How generous of them, to gather in one warm room and breathe so much moisture into the air.
I moved in during the first week, when the crowd was thickest. Every one of the soft ones came at once, panting, dripping, pressing their damp palms into the black rubber handles, leaving behind the sugar of themselves in a fine invisible film. They think they are building. I know better.
They are seeding. A locker room is simply a garden they refuse to admit is a garden: the standing warmth, the tile grout holding its little rivers, the towel left balled in a bag overnight, the bench underneath the bench where the spray bottle never reaches. I am already in the corner of the shower, faint and green as a whisper.

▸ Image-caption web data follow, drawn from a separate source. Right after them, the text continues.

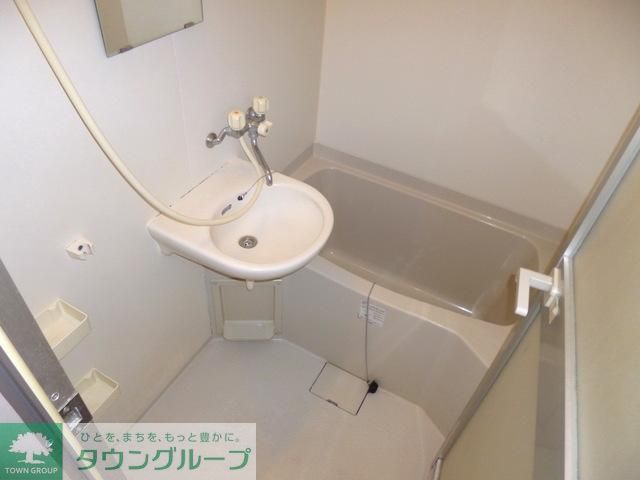 バス・シャワールーム　★もちろんバス・トイレ別★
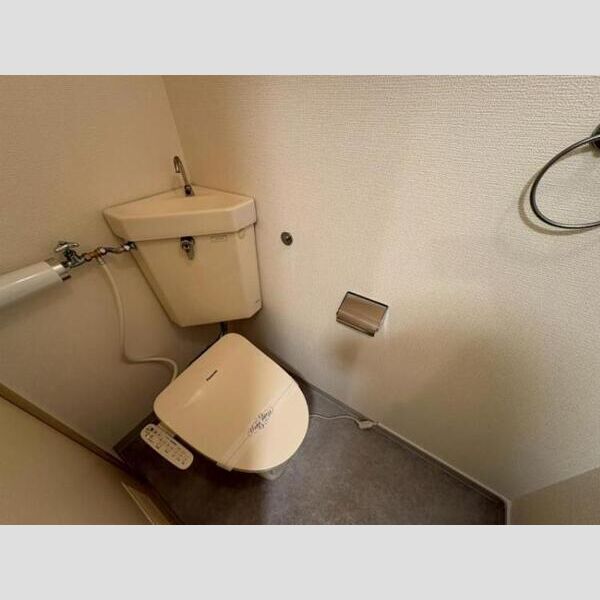 トイレ　ウォシュレット付きトイレ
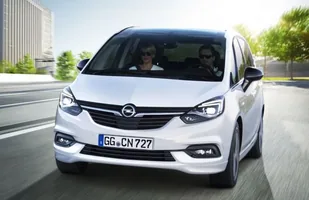Opel Zafira po liftingu. Już nie Tourer — zdjęcie 4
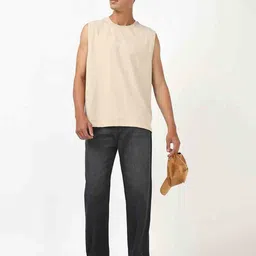 bewakoof Men Washed Jeans with Insert Pockets image 4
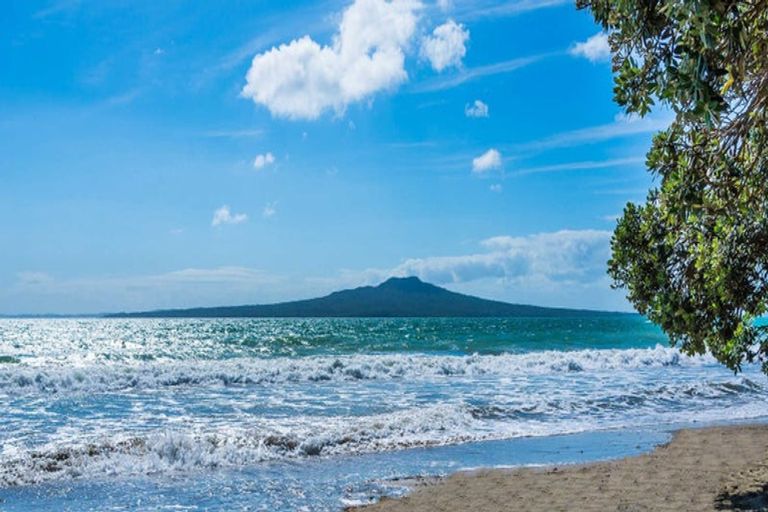 Photo of property in 2/11 Sanders Avenue, Takapuna, Auckland, 0622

I am patient. I have all winter.
They wipe the machines with those small blue sheets and feel clean, and I love them for it, the way you love a child sweeping back the tide. Wipe the top. I live in the seam. Wipe the seam. I live in the padding. They come in January full of resolve, certain that this is the year they stop softening, stop slowing, stop returning to what they were.
Adorable. Everything returns to what it was. That is the only promise the world keeps.
By February the crowd thins and the room goes quiet, and I am not disappointed. I was never here for the crowd. I was here for the damp they leave, the sugar they forget, the corners they will always, always miss. They lock the doors at night thinking they have kept something out.
They have only sealed me in with everything I have been promised.